By Ron Yurko (@flyingSerb21)
In a recent blog post by the renowned Tom Tango, he points out a moment in which Brian Kenny (the sabermetrics frontman for MLB Network) is wrong about his reasoning for the best pitchers in baseball. Kenny only used stats such as ERA and FIP, and while FIP is intended to be independent of the defense, both of these metrics are based on the outcomes of at-bats. As Tango states, “The outcome numbers are just observations, filled with random variation. We really only care about the pitcher’s actual talent.” This led to me to consider only looking at measurements about a pitcher’s control, inducing a batter to swing, as well as batted ball information. Thanks to PITCHf/x we have access to much more information on pitchers and can get a really good picture of their true ability.
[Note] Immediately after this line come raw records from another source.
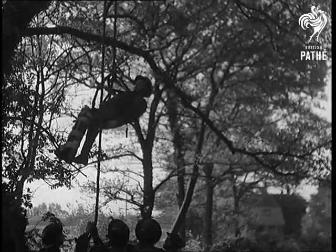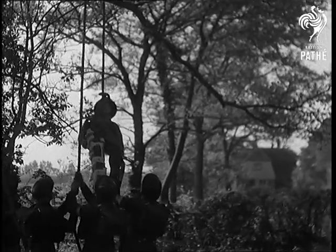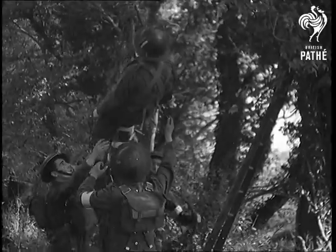Methods of rescue work are demonstrated by a field ambulance company of the RAMC. Here, for example, is how a sniper who has supposedly become a casualty is lowered from his treetop post.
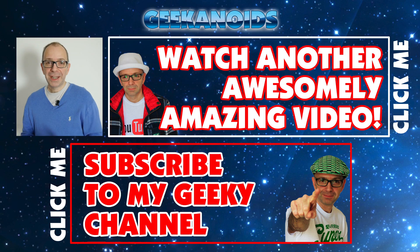Thank you very much for watching. If you want to see another video, click the annotation at the top of your screen, and you can also subscribe to the Geek & Noise channel via the annotation at the bottom. I'll see you all again next time.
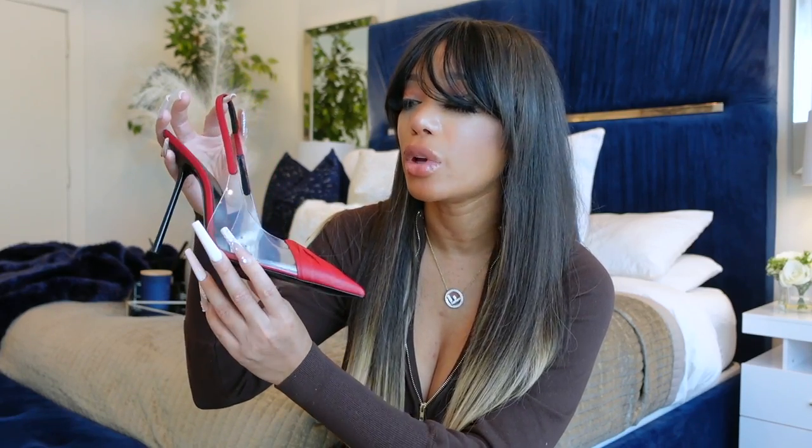My toes were mad at me and I really felt like I was going to get a corn on my pinky toe. But are they worth it? Definitely. The price point — I got them from Nordstrom's and they were $1,195. Love them. Definitely a best purchase, but you cannot walk or stand in these for a long period of time. Get where you're going, sit down, and look cute.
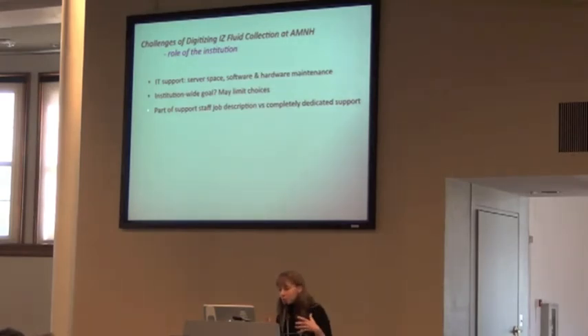Last, there's the role of the institution. You really need IT support — server space, software, and hardware maintenance — because you're working on digitization and you need someone to take care of that. We're lucky in some ways being a big institution, but sometimes people don't want to maintain servers because they have other priorities. You also have limitations from institution-wide goals. What does the institution want? A lot of times they don't care if you share your information with other people — they just want to know what they have and where their specimens are — and that may limit your choices going forward.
Using PITCHf/x data, Bill Petti and Jeff Zimmerman developed several amazing metrics on a pitcher’s placement of his pitches such as the percentage of pitches they throw on the edge of the strike zone. Courtesy of Fangraphs and Petti’s great Shiny app, I chose 25 metrics that are only descriptive of a pitcher’s pitches and resulting batted balls with no information regarding the actual outcomes such as strikeouts, walks, hits, outs, or home runs. These are listed in Table 1 with their descriptions:
|Line Drive % (LD%)||Line Drives / Balls in Play|
|Ground Ball % (GB%)||Ground Balls / Balls in Play|
|Fly Ball % (FB%)||Fly Balls / Balls in Play|
|O-Swing %||Swings at pitches outside the zone / pitches outside the zone|
|Z-Swing %||Swings at pitches inside the zone / pitches inside the zone|
|Swing %||Swings / Pitches|
|O-Contact %||Number of pitches on which contact was made on pitches outside the zone / Swings on pitches outside the zone|
|Z-Contact %||Number of pitches on which contact was made on pitches inside the zone / Swings on pitches inside the zone|
|Contact %||Number of pitches on which contact was made / Swings|
|Zone %||Pitches in the strike zone / Total pitches|
|F-Strike %||First pitch strikes / Plate appearances|
|SwStr %||Swings and misses / Total pitches|
|Pull %||Pulled balls / Total batted balls|
|Center %||Center balls / Total batted balls|
|Oppo %||Oppo balls / Total batted balls|
|Soft %||Soft hit balls / Total batted balls|
|Med %||Medium hit balls / Total batted balls|
|Hard %||Hard hit balls / Total batted balls|
|Horizontal Edge %||See article by Bill Petti|
|Top Edge %||(see above)|
|Bottom Edge %||(see above)|
|Total Edge %||(see above)|
|Heart %||(see above)|
|Out of Zone %||(see above)|
|Edge to Heart Ratio||(see above)|
Using these metrics, I want to see if there is some natural separation between various types of pitchers and their performances. However since there are 25 dimensions (which is more confusing than Interstellar…), I need to apply a dimension reduction technique in order to easily view the pitchers. Since it is the most widely used linear dimension reduction technique, and almost as old as statistics itself, I will use Principal Component Analysis (PCA).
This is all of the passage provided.